[![Binder](https://mybinder.org/badge_logo.svg)](https://mybinder.org/v2/gh/stefmolin/pandas-workshop/main?urlpath=lab/tree/notebooks/2-data_wrangling.ipynb) [![View slides in browser](https://img.shields.io/badge/view-slides-orange?logo=reveal.js&logoColor=white)](https://stefaniemolin.com/pandas-workshop/#/section-2)

---



# Section 2: Data Wrangling

To prepare our data for analysis, we need to perform data wrangling. In this section, we will learn how to clean and reformat data (e.g., renaming columns and fixing data type mismatches), restructure/reshape it, and enrich it (e.g., discretizing columns, calculating aggregations, and combining data sources).

## Data cleaning

In this section, we will take a look at creating, renaming, and dropping columns; type conversion; and sorting &ndash; all of which make our analysis easier. We will be working with the 2019 Yellow Taxi Trip Data provided by NYC Open Data.

In [None]:
import pandas as pd

taxis = pd.read_csv('data/2019_Yellow_Taxi_Trip_Data.csv')
taxis.head()

*Source: [NYC Open Data](https://data.cityofnewyork.us/Transportation/2019-Yellow-Taxi-Trip-Data/2upf-qytp) collected via [SODA](https://dev.socrata.com/foundry/data.cityofnewyork.us/2upf-qytp).*

### Dropping columns
Let's start by dropping the ID columns and the `store_and_fwd_flag` column, which we won't be using.

In [None]:
mask = taxis.columns.str.contains('id$|store_and_fwd_flag', regex=True)
columns_to_drop = taxis.columns[mask]
columns_to_drop

In [None]:
taxis = taxis.drop(columns=columns_to_drop)
taxis.head()

*Tip: Another way to do this is to select the columns we want to keep: `taxis.loc[:,~mask]`.*

### Renaming columns

Next, let's rename the datetime columns:

In [None]:
taxis = taxis.rename(
    columns={
        'tpep_pickup_datetime': 'pickup', 
        'tpep_dropoff_datetime': 'dropoff'
    }
)
taxis.columns

### Type conversion

Notice anything off with the data types?

In [None]:
taxis.dtypes

Both `pickup` and `dropoff` should be stored as datetimes. Let's fix this:

In [None]:
taxis[['pickup', 'dropoff']] = \
    taxis[['pickup', 'dropoff']].apply(pd.to_datetime)
taxis.dtypes

*Tip: There are other ways to perform type conversion. For numeric values, we can use the `pd.to_numeric()` function, and we will see the `astype()` method, which is a more generic method, a little later.*

### Creating new columns

Let's calculate the following for each row:

1. elapsed time of the trip
2. the tip percentage
3. the total taxes, tolls, fees, and surcharges
4. the average speed of the taxi

In [None]:
taxis = taxis.assign(
    elapsed_time=lambda x: x.dropoff - x.pickup, # 1
    cost_before_tip=lambda x: x.total_amount - x.tip_amount,
    tip_pct=lambda x: x.tip_amount / x.cost_before_tip, # 2
    fees=lambda x: x.cost_before_tip - x.fare_amount, # 3
    avg_speed=lambda x: x.trip_distance.div(
        x.elapsed_time.dt.total_seconds() / 60 / 60
    ) # 4
)

*Tip: New to `lambda` functions? These small, anonymous functions can receive multiple arguments, but can only contain one expression (the return value). You will see these a lot in pandas code. Read more about them [here](https://realpython.com/python-lambda/).*

Our new columns get added to the right:

In [None]:
taxis.head(2)

Some things to note:
- We used `lambda` functions to 1) avoid typing `taxis` repeatedly and 2) be able to access the `cost_before_tip` and `elapsed_time` columns in the same method that we create them.
- To create a single new column, we can also use `df['new_col'] = <values>`.

### Sorting by values

We can use the `sort_values()` method to sort based on any number of columns:

In [None]:
taxis.sort_values(['passenger_count', 'pickup'], ascending=[False, True]).head()

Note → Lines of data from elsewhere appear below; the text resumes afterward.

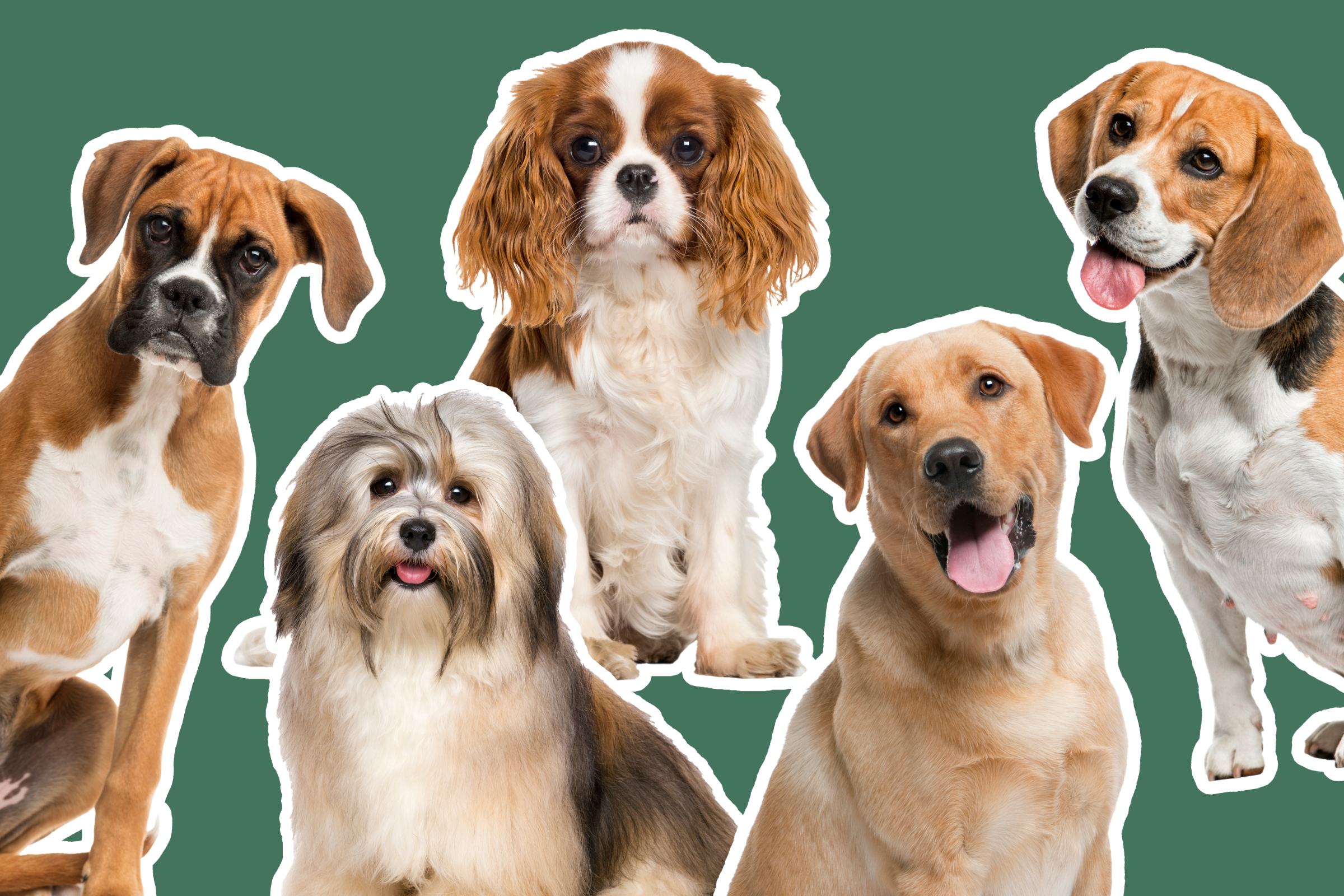 A Boxer dog, Havanese, King Charles Spaniel, Labrador, and Beagle all cut out with a white outline, on a solid green background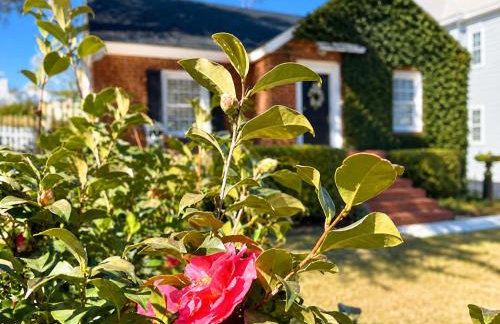 Camellia: Historic Summerville, Medical District - Foto 21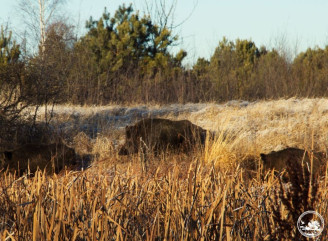 Весна в Чорнобильському заповіднику: як поводяться дикі кабани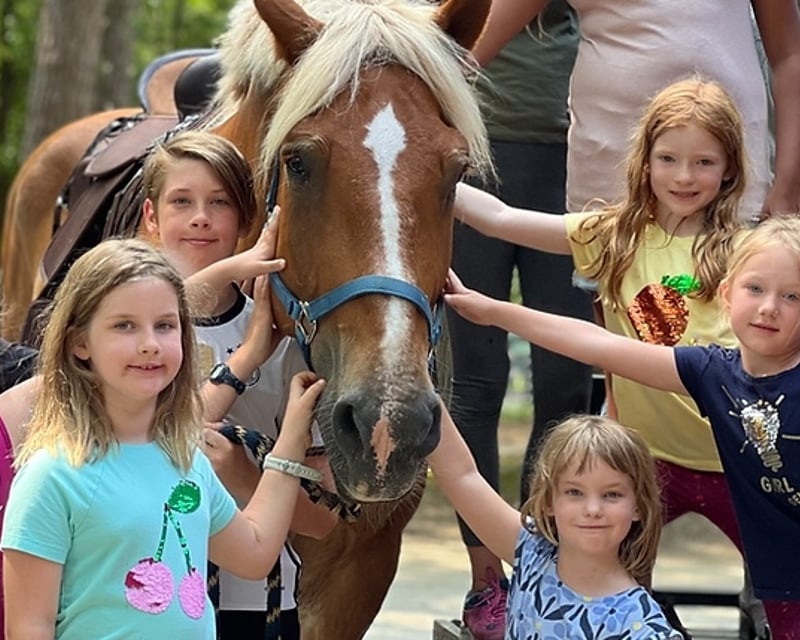 Pony Rides in Snellville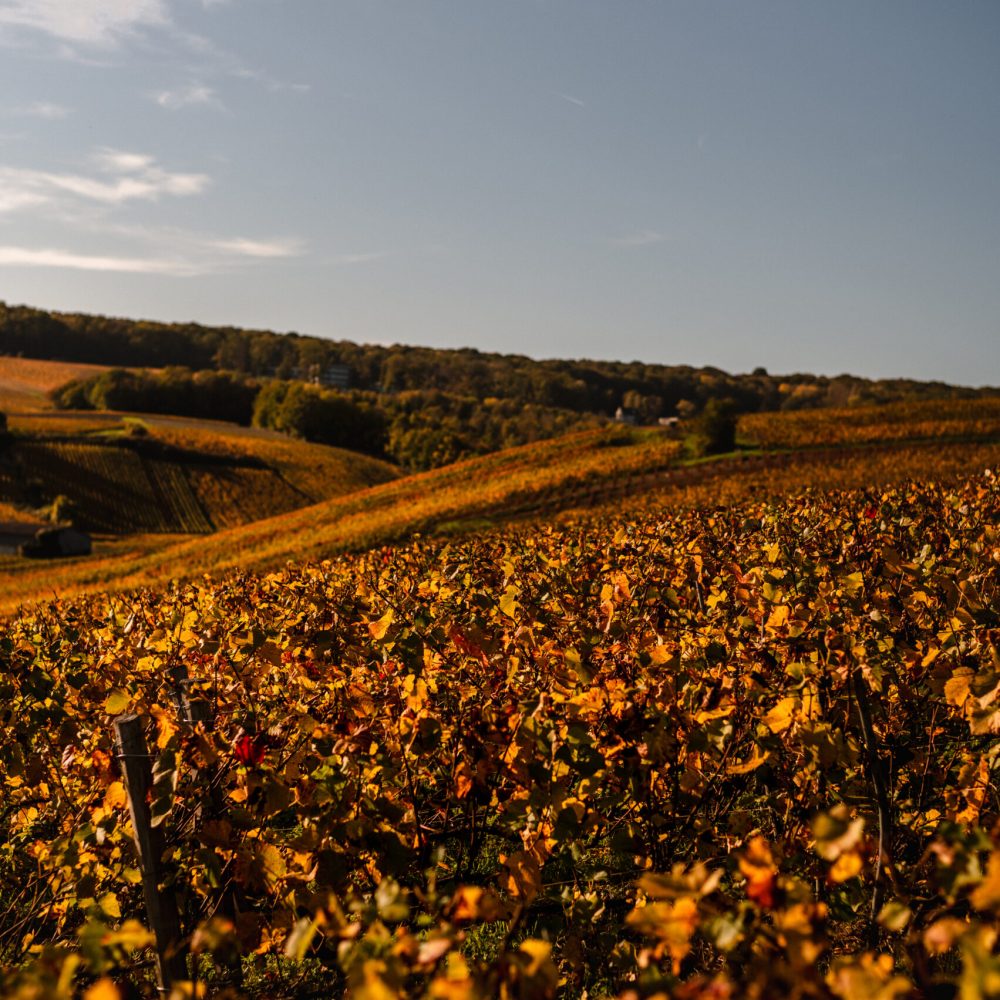 vignoble champagne yves ruffin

To pick out the largest/smallest rows, use `nlargest()` / `nsmallest()` instead. Looking at the 3 trips with the longest elapsed time, we see some possible data integrity issues:

In [None]:
taxis.nlargest(3, 'elapsed_time')

### [Exercise 2.1](./workbook.ipynb#Exercise-2.1)

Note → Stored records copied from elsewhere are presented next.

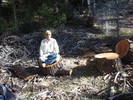 photo thumbnail #5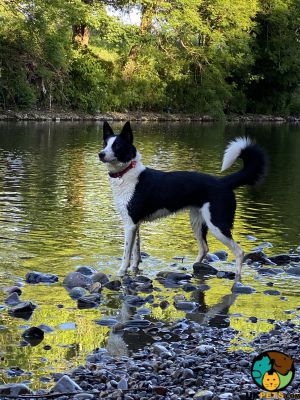 Border Collie Wanted in Great Britain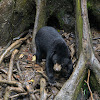 Sun bear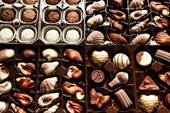 Answer chocolates,shell,seahorse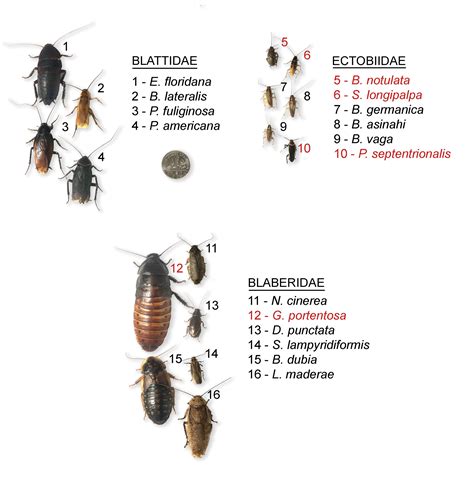 Common Types Of Cockroaches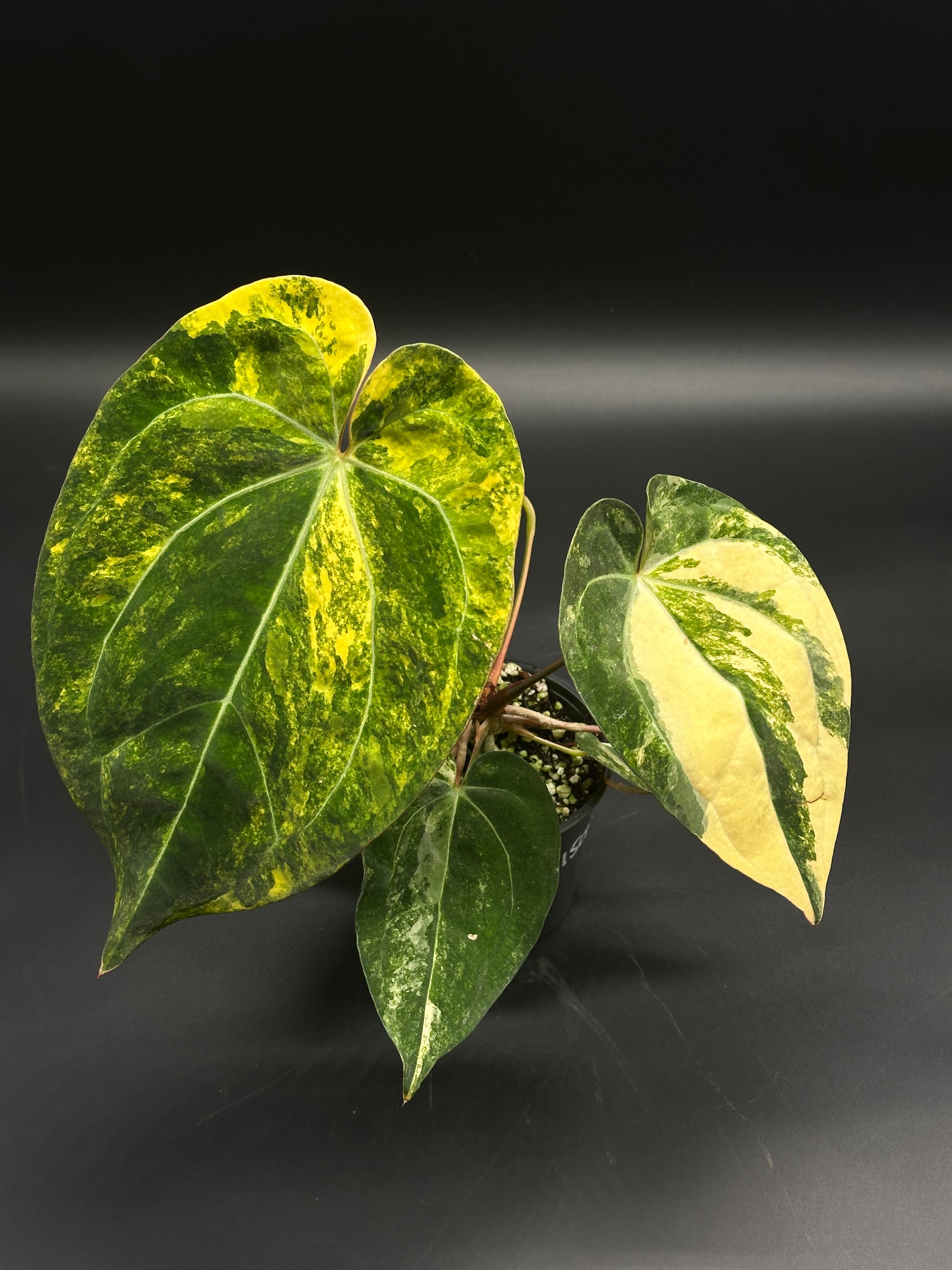 philodendron pink lemonade Anthurium papillilaminum 'Pink Lemonade' (130W157)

##### Read in the meteorite data from the `Meteorite_Landings.csv` file, rename the `mass (g)` column to `mass`, and drop all the latitude and longitude columns. Sort the result by mass in descending order.

In [None]:
# Complete this exercise in the workbook.ipynb file
# Click on `Exercise 2.1` above to open the workbook.ipynb file

# WARNING: if you complete the exercise here, your cell numbers
# for the rest of the training might not match the slides

## Working with the index

So far, we haven't really worked with the index because it's just been a row number; however, we can change the values we have in the index to access additional features of the pandas library.

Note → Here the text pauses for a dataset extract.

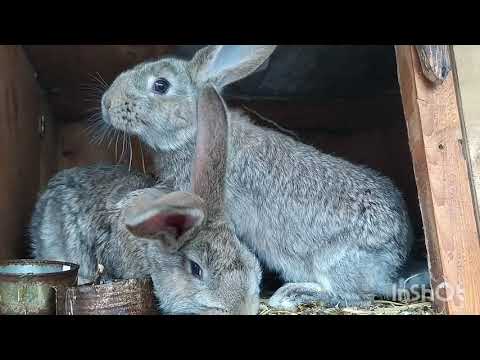 Видео: В каком возрасте случать кроликов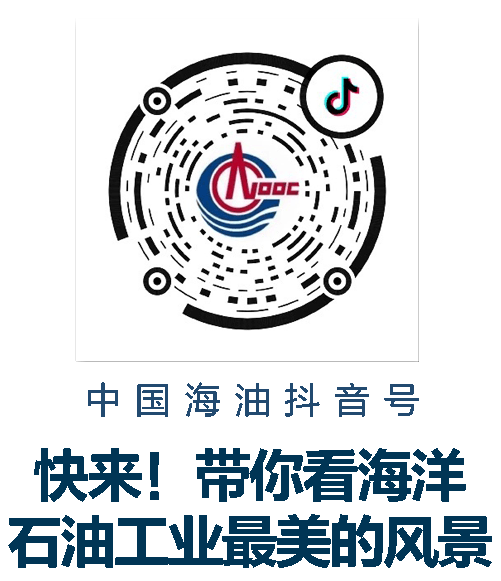 @粤港澳大湾区 新气源从深海来了!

### Setting and sorting the index

Currently, we have a RangeIndex, but we can switch to a DatetimeIndex by specifying a datetime column when calling `set_index()`:

In [None]:
taxis = taxis.set_index('pickup')
taxis.head(3)

Since we have a sample of the full dataset, let's sort the index to order by pickup time:

In [None]:
taxis = taxis.sort_index()

*Tip: `taxis.sort_index(axis=1)` will sort the columns by name. The `axis` parameter is present throughout the pandas library: `axis=0` targets rows and `axis=1` targets columns.*

We can now select ranges from our data based on the datetime the same way we did with row numbers:

In [None]:
taxis['2019-10-23 07:45':'2019-10-23 08']

When not specifying a range, we use `loc[]`:

In [None]:
taxis.loc['2019-10-23 08']

### Resetting the index

We will be working with time series later this section, but sometimes we want to reset our index to row numbers and restore the columns. We can make `pickup` a column again with the `reset_index()` method:

In [None]:
taxis = taxis.reset_index()
taxis.head()

### [Exercise 2.2](./workbook.ipynb#Exercise-2.2)

##### Using the meteorite data from the `Meteorite_Landings.csv` file, update the `year` column to only contain the year, convert it to a numeric data type, and create a new column indicating whether the meteorite was observed falling before 1970. Set the index to the `id` column and extract all the rows with IDs between 10,036 and 10,040 (inclusive) with `loc[]`.

###### **Hint 1**: Use `year.str.slice()` to grab a substring.

###### **Hint 2**: Make sure to sort the index before using `loc[]` to select the range.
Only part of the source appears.